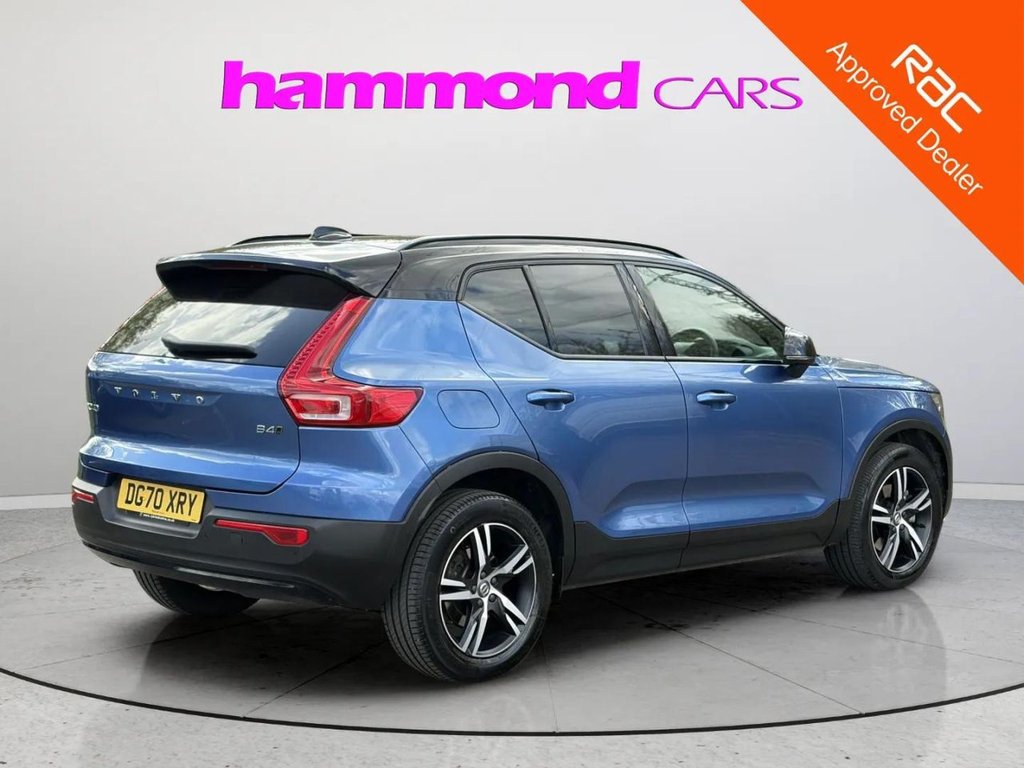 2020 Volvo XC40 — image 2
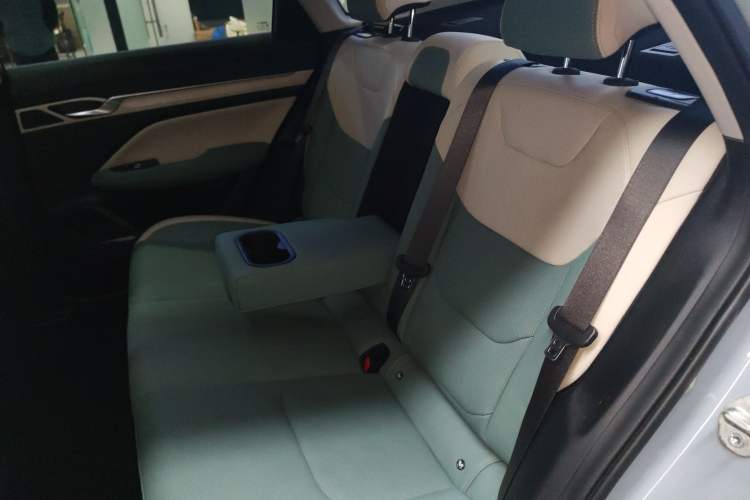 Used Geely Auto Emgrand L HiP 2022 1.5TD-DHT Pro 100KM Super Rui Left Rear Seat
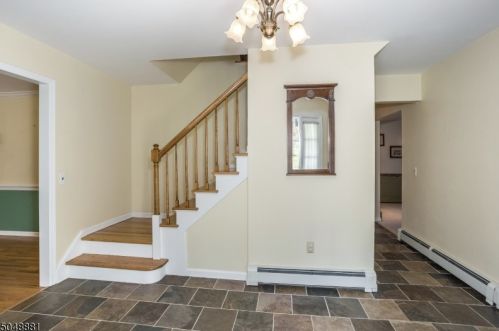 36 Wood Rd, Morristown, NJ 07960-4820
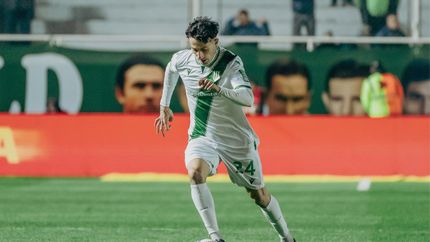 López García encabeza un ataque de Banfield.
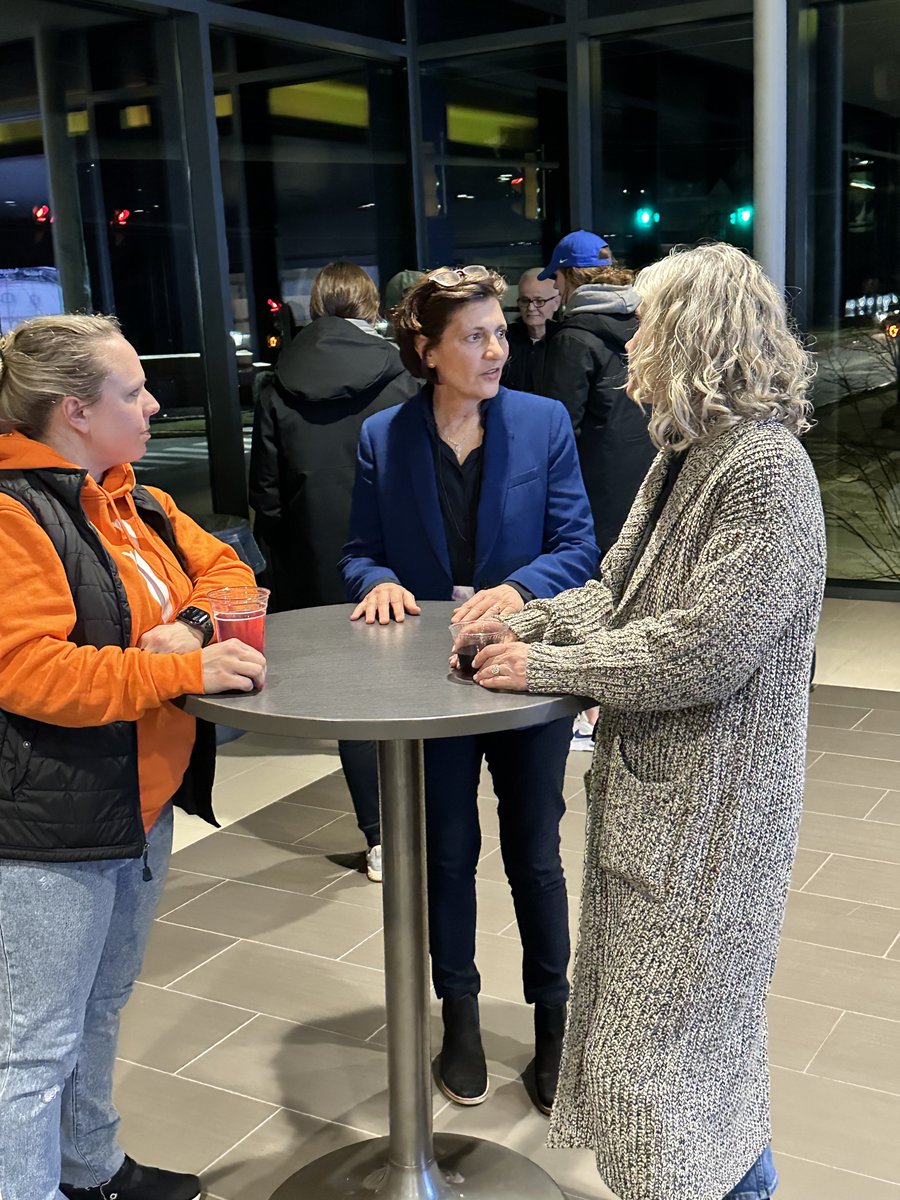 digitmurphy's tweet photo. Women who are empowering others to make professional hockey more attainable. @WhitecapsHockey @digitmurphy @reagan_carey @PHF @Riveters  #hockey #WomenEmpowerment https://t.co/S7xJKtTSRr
---
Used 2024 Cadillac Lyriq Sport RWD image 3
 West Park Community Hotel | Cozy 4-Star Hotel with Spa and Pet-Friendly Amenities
---
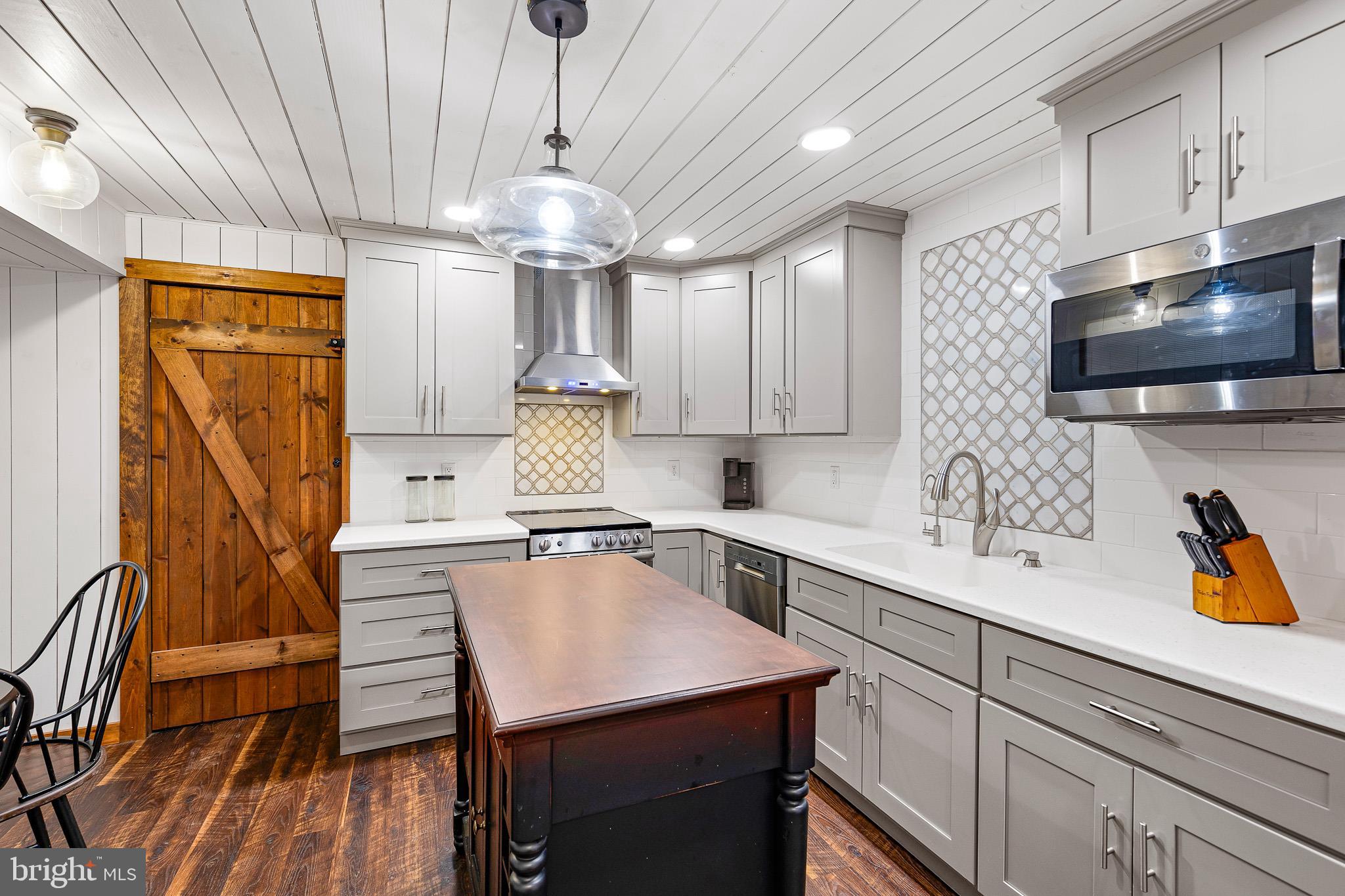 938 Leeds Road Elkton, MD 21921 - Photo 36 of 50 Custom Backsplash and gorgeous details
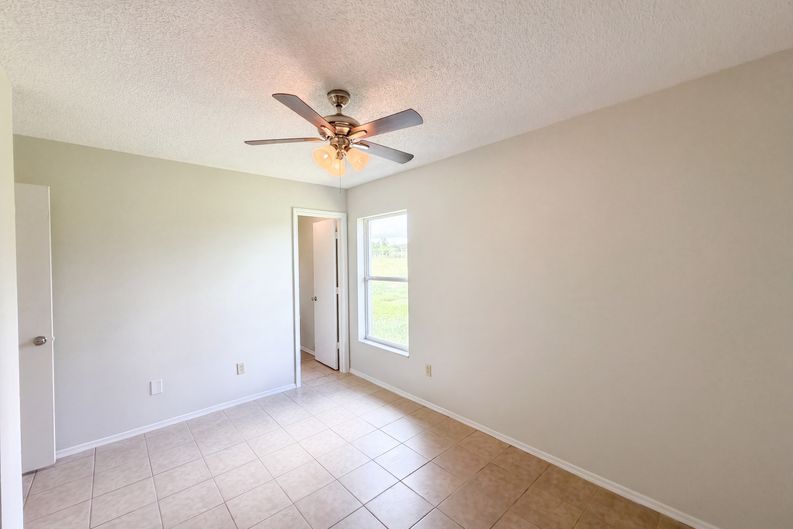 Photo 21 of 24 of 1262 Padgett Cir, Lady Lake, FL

What the exercise asks:
Working from the records above, set down word for word everything from the line containing "36 Wood Rd, Morristown, NJ 07960-4820" down to the line containing "digitmurphy's tweet photo.", ends included, minus the pictures.

Problem solution:
 36 Wood Rd, Morristown, NJ 07960-4820
 López García encabeza un ataque de Banfield.
 digitmurphy's tweet photo. Women who are empowering others to make professional hockey more attainable. @WhitecapsHockey @digitmurphy @reagan_carey @PHF @Riveters  #hockey #WomenEmpowerment https://t.co/S7xJKtTSRr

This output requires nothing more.